───── Dataset extract ─────

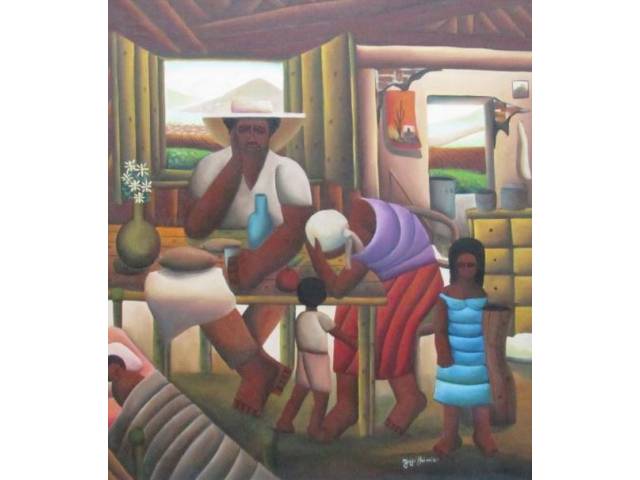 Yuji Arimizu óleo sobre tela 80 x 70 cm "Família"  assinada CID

─────
───── Dataset extract ─────

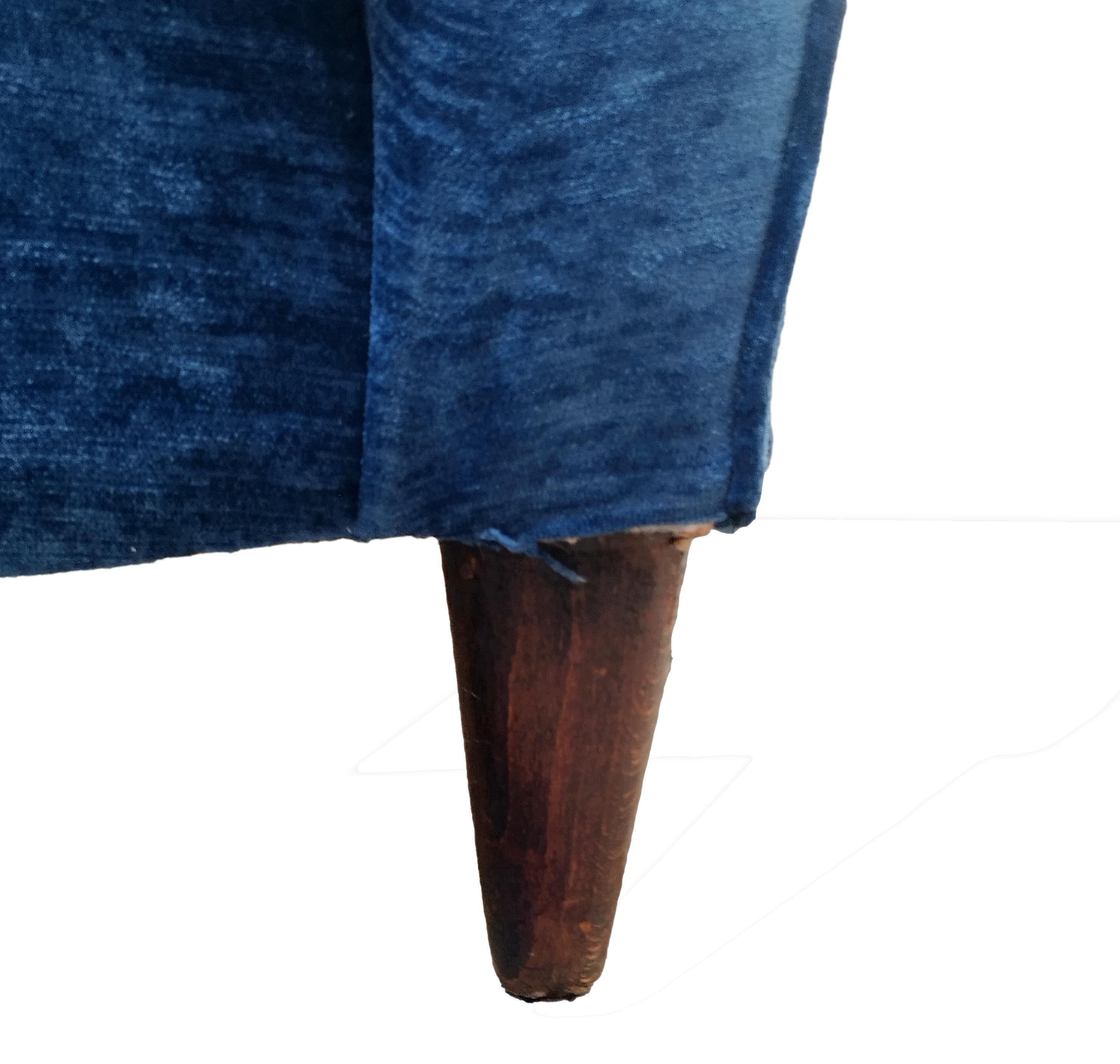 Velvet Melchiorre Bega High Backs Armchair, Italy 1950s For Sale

─────
───── Dataset extract ─────

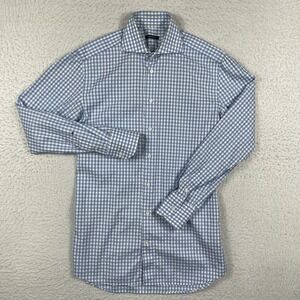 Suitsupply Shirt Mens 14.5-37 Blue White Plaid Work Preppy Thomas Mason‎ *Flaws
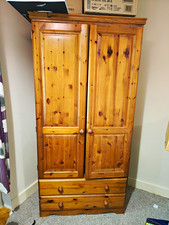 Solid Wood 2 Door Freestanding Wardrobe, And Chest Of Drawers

─────

§ Aim of the exercise
Skip every picture, and restate word for word only the lines above from the line containing "Suitsupply Shirt Mens" to the line containing "Solid Wood 2", both of them included.

§ Answer space
 Suitsupply Shirt Mens 14.5-37 Blue White Plaid Work Preppy Thomas Mason‎ *Flaws
 Solid Wood 2 Door Freestanding Wardrobe, And Chest Of Drawers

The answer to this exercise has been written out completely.